Where we live: A true icon
When I was younger, I wanted to be a sports broadcaster.
There were a lot of greats behind the mic at that time, but the best to ever do it, and that’s really not up for debate, was Vin Scully.
Scully, 94, died Tuesday after 67 years of calling Dodgers games in both Brooklyn and Los Angeles. His career spanned seven decades and included 25 World Series, 18 no-hitters and three perfect games.
Nobody, and I mean nobody, could weave a tale like Scully, who would make a routine infield fly sound like the finest poetry.
“It may sound corny,” Sandy Koufax once said, “but I enjoyed listening to Vin call a game almost more than playing in them.”
One social media post I read this week declared, “I would listen to Vin Scully describe a quilting bee.” I couldn’t agree more.
From Don Larsen’s perfect game in 1956 to Clayton Kershaw’s no-hitter in 2014, Scully saw it all.
Working national broadcasts, Scully also called Bill Bucker’s walk-off error in Game 6 of the 1986 World Series at Shea Stadium, and Joe Carter’s World Series winning walk-off blast in Game 6 of the 1993 Fall Classic.
Though he’ll always be tied to Dodger baseball, Scully could wax poetic when it came to NFL games or the eight years he spent calling The Masters. The highlight of the 1982 NFC Championship Game that saw Joe Montana connect with Dwight Clark for “The Catch,” will likely go down as his best non-MLB moment.
Of course, maybe any announcer could make the big moment seem magical, but for Scully’s quick quips when the lights weren’t as bright to stand the test of time, that takes it to a whole different level.
Describing an injury, Scully once said, “Andre Dawson has a bruised knee and is listed as day-to-day. … Aren’t we all?”

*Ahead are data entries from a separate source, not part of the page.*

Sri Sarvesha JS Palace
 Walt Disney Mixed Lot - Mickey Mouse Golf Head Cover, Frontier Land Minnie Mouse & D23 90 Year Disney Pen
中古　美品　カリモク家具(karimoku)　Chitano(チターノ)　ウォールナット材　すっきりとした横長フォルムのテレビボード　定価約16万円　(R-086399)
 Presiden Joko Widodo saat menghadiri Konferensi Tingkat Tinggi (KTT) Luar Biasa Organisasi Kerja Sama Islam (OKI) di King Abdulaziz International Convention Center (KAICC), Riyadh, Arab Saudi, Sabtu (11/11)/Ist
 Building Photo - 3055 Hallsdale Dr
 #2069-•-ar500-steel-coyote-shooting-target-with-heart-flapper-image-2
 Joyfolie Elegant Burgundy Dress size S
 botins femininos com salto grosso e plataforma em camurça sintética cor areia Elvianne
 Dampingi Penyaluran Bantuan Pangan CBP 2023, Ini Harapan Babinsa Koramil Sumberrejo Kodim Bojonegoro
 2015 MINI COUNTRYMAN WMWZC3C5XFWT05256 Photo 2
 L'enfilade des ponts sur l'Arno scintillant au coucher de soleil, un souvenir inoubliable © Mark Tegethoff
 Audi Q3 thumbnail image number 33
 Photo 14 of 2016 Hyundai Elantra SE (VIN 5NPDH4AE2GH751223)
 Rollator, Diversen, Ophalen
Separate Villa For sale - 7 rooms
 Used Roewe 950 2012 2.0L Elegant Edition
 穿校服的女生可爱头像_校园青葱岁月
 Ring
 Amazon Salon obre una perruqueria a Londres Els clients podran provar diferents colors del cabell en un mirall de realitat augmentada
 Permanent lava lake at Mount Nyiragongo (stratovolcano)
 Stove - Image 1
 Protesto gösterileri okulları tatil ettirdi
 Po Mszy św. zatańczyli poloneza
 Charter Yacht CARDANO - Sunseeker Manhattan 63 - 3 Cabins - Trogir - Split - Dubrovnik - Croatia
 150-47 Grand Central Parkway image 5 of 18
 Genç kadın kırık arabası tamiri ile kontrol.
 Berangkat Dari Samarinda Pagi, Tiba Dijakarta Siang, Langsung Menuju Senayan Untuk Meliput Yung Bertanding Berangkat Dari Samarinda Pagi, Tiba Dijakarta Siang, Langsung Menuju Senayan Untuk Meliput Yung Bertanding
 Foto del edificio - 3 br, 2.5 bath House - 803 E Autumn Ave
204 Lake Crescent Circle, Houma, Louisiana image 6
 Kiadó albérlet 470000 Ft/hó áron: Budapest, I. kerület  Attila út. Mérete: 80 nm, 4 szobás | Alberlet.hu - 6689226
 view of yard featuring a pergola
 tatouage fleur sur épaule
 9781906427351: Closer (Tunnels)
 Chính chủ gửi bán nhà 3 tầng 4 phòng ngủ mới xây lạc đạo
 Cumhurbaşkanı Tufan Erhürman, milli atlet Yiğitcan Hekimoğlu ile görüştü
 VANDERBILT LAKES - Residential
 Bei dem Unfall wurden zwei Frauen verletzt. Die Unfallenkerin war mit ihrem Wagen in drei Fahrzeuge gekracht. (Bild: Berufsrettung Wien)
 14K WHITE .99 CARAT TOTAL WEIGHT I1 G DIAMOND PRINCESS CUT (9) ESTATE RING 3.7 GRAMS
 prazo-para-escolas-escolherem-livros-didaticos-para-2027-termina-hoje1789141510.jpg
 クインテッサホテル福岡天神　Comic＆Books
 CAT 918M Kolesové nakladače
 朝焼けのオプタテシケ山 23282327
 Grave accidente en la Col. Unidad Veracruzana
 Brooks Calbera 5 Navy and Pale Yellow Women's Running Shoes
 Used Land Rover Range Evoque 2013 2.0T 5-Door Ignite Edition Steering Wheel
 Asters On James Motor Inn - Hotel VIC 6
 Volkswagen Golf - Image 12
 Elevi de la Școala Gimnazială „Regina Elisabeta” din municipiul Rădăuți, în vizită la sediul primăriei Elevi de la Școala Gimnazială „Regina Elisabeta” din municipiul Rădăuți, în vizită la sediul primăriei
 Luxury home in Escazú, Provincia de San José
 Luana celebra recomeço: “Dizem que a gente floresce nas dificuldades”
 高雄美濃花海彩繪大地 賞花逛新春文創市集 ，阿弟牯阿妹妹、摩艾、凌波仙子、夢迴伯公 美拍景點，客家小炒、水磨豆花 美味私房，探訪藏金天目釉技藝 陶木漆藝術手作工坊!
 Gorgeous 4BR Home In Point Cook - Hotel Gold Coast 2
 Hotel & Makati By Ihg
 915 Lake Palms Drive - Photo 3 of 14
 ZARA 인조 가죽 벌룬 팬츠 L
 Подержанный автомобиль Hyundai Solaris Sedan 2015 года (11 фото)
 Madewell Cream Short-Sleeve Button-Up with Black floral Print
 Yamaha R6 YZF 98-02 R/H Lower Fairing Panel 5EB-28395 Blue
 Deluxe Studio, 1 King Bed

Staying ever so sharp over the years, Scully, in his 2016 farewell season, dropped some of the most prolific fish facts I’ve ever heard during a slow-moving Wednesday afternoon Dodgers-Rays game.
“They have identified 27,000 species of fish on the Earth, and estimated 15,000 more have not yet been identified,” Scully said. “You know what a rockfish is? Well they say that a rockfish can live hundreds of years. They’re the longest living fish. Some of them can live over 200 years. Now that’s a fish story.”
If you stayed tuned in to that game, you also would have learned elephants and deer kill more people every year than sharks, and devil rays have the largest brains of all 32,000 species of fish.
Scully’s death marked a tough few days in the sports world.
Bill Russell, Boston Celtic legend and 11-time NBA champion, passed away just two days earlier.
“What’s so remarkable about Bill Russell and Vin Scully is how many generations they impacted,” ESPN broadcaster Scott Van Pelt said of the duo. “Been struck by how many decades each man continued to reach those who watched and listened and learned. Lives lived in such exceptional fashion.”
Two icons we thought would live forever, gone in the same week.